The Jeliagins have paid Mascha a little attention. To-day, at lunch, she found on her plate a box-ticket for the Porte St. Martin. It has long been her most ardent wish to go to the theatre.

"You can invite Sonia and Fräulein von Sankjéwitch. Nikolai will accompany you. It would be better that you dine with Fräulein von Sankjéwitch," proposes her aunt, "if that suits you."

"Oh, it suits, naturally it suits!" cries Mascha, and springs up to embrace her aunt.

"Do not make so much of this trifle," says Madame Jeliagin, a trifle ashamed. "It is not worth the trouble. I rack my brains often enough to think how one can amuse you. But with girls like you, who are too old to play with dolls, too young to go into society, it is hard."

"Am I, then, really too young, auntie? I was seventeen the fifth of last December," says Mascha, looking longingly and coaxingly at Barbara.

Barbara Jeliagin is silent with embarrassment, but Anna speaks. "Your age alone is not the thing. You have no tenue, are not sufficiently lady-like. You must accustom yourself to more repose and self-command before one can think of taking you into society without fearing to be embarrassed by you."

This kind remark Mascha receives silently, but with burning cheeks.

Madame Jeliagin, who has learned quite against her will to love Mascha, perhaps because Mascha's obliging lovability is the only bit of sunshine which has warmed her for years, pats her kindly on the shoulder, and says: "It is not so dreadful.
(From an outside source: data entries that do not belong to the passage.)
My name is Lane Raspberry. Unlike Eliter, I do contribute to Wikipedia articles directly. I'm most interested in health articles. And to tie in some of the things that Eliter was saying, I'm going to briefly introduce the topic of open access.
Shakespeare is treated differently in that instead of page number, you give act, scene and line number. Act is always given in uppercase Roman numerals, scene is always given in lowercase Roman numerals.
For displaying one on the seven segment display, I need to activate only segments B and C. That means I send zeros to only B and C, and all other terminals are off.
To be old and sedate is no art; that comes of itself."

And Mascha wipes the tears from her eyes, and again is happy over her ticket, inquires what she shall wear in honor of this festive occasion, and is only sorry that one visits the Porte St. Martin in street costume.
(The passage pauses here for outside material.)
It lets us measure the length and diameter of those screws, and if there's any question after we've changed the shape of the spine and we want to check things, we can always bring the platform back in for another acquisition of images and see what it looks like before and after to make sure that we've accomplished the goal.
The box ticket is for the next evening. All arranges itself splendidly.

Nita and Sonia dine with the brother and sister in the Avenue Murillo. The little dinner is excellent and Colia happy. But after the meal, when they are about to break up, Mascha notices that she has left her opera-glass at home. Great despair! Sonia has none, and Nita's is really not enough for three shortsighted persons. They decide to take the roundabout way through the Avenue Wagram and get the glass.
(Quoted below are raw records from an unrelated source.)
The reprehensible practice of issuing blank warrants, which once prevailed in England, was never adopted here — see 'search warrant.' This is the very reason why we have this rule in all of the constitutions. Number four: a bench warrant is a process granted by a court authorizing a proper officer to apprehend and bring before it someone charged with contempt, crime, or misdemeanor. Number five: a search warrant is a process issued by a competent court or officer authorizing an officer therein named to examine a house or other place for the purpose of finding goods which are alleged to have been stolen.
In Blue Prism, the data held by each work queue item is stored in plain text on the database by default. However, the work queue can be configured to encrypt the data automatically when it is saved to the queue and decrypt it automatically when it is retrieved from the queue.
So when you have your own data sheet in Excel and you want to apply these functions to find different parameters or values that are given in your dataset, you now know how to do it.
"I will come immediately; I will not keep you waiting a moment," says Mascha, gayly. But scarcely has she entered the hall when she perceives that something unusual is going on. The vestibule is brilliantly lighted, several ladies' wraps and men's overcoats are there. Mascha's large eyes become gloomy. "And I thought they wished to give me a pleasure," thinks she, angrily. "They only got me out of the way because they were ashamed of me." Then, turning to the servant who appears, she asks ruthlessly, directly:

"Who is dining here?"

"The Ladies Anthropos, Count Bärenburg, Monsieur d'Eblis, Prince Trubetzkoy----"

But Maschenka hears no more. "Bärenburg!" her passionate heart beats loudly. "Moutarde après dîner it may be; but, in any case, Anna seems not to so lowly estimate my insignificant youthfulness as rival, as she acts thus," thinks she to herself. "But we will see, Anna, we will see!" And Maschenka sets her teeth and clenches her tiny fist.